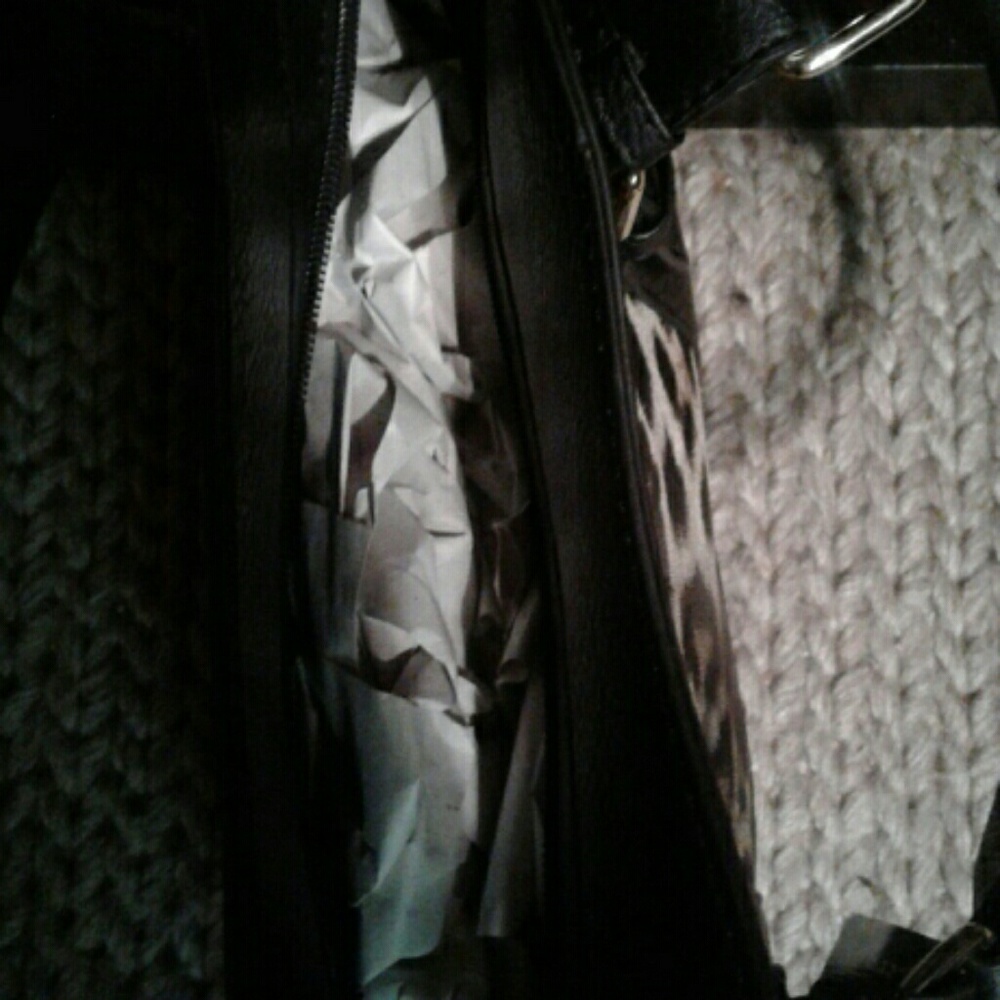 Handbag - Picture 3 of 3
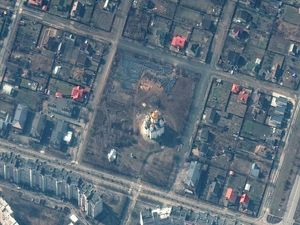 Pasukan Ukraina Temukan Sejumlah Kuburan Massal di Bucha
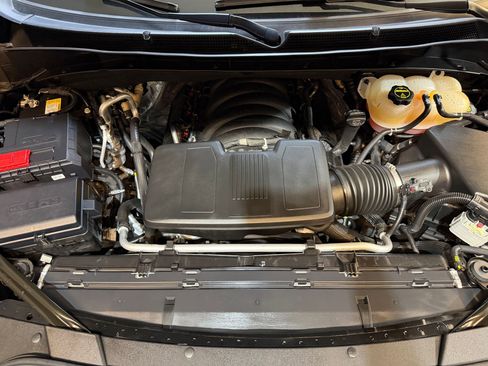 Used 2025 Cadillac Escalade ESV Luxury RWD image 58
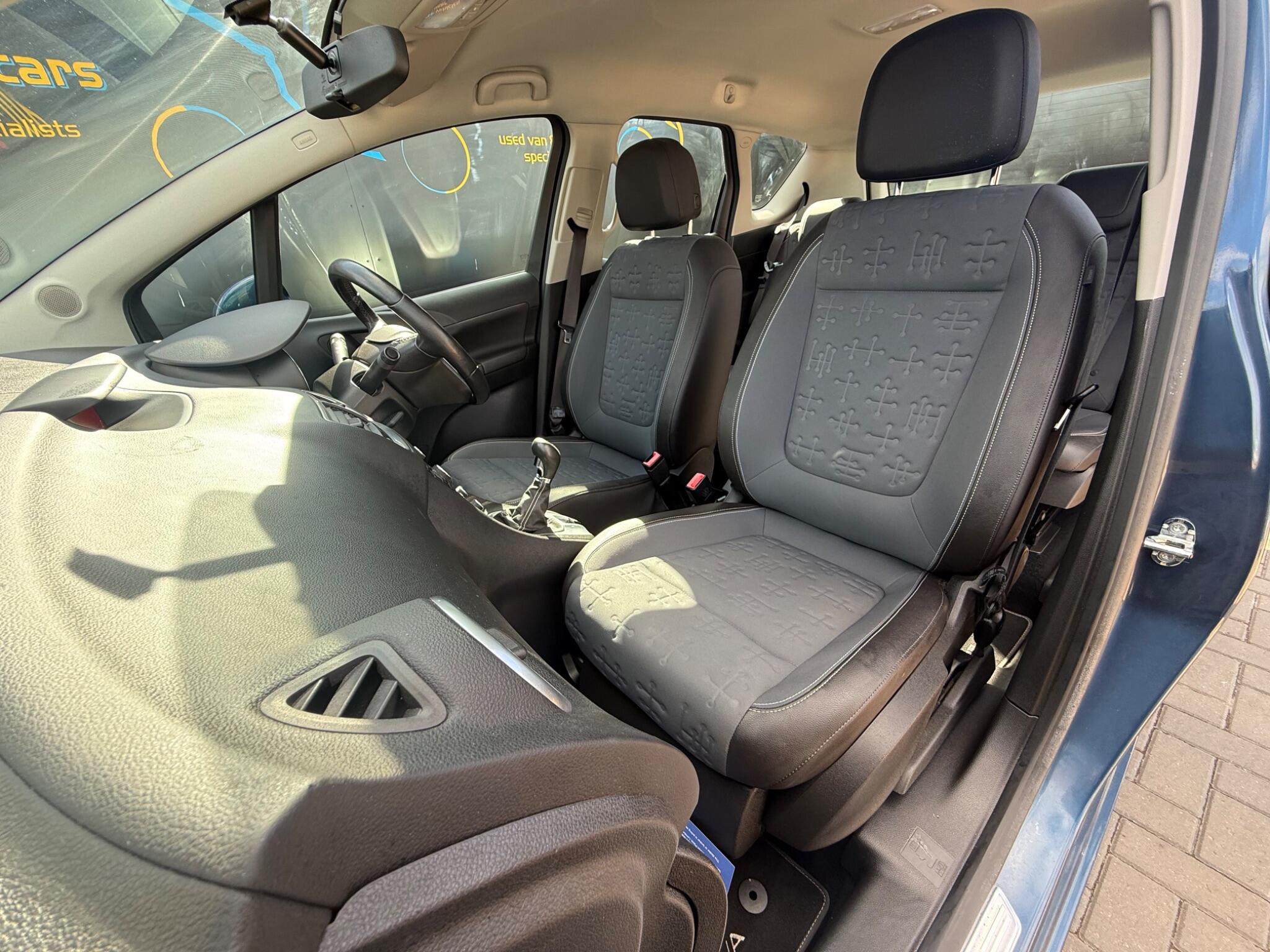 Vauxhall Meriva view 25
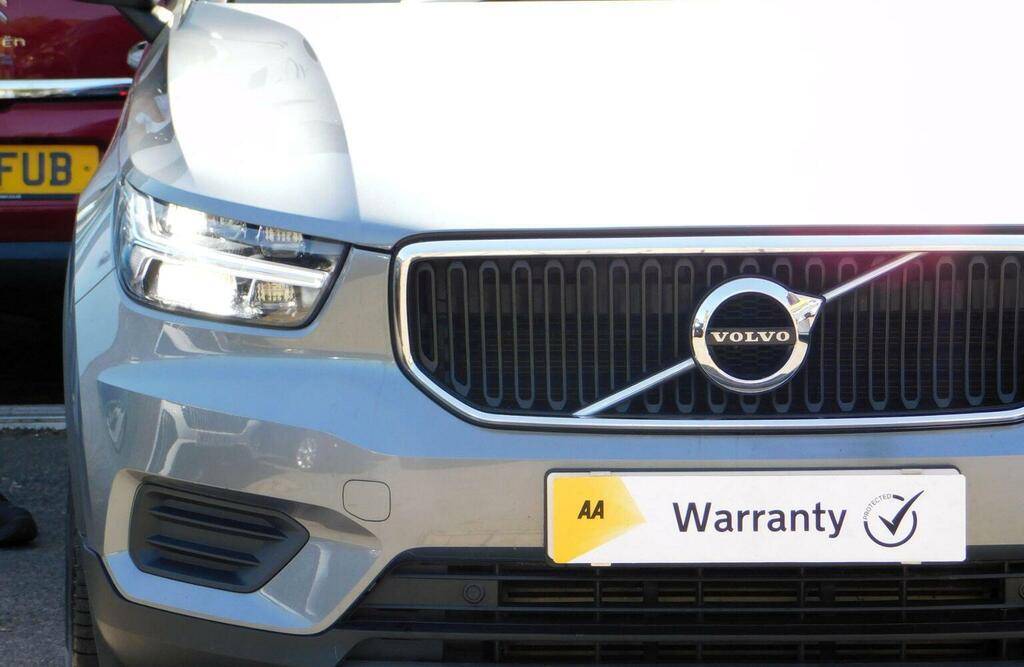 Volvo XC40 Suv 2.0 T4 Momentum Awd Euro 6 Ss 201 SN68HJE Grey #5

┄┄┄┄┄┄┄┄┄┄┄┄┄┄┄┄┄┄┄┄

Work task> Reproduce every record above exactly, but leave out the pictures.

Solved problem>
 Handbag - Picture 3 of 3
 Pasukan Ukraina Temukan Sejumlah Kuburan Massal di Bucha
 Used 2025 Cadillac Escalade ESV Luxury RWD image 58
 Vauxhall Meriva view 25
 Volvo XC40 Suv 2.0 T4 Momentum Awd Euro 6 Ss 201 SN68HJE Grey #5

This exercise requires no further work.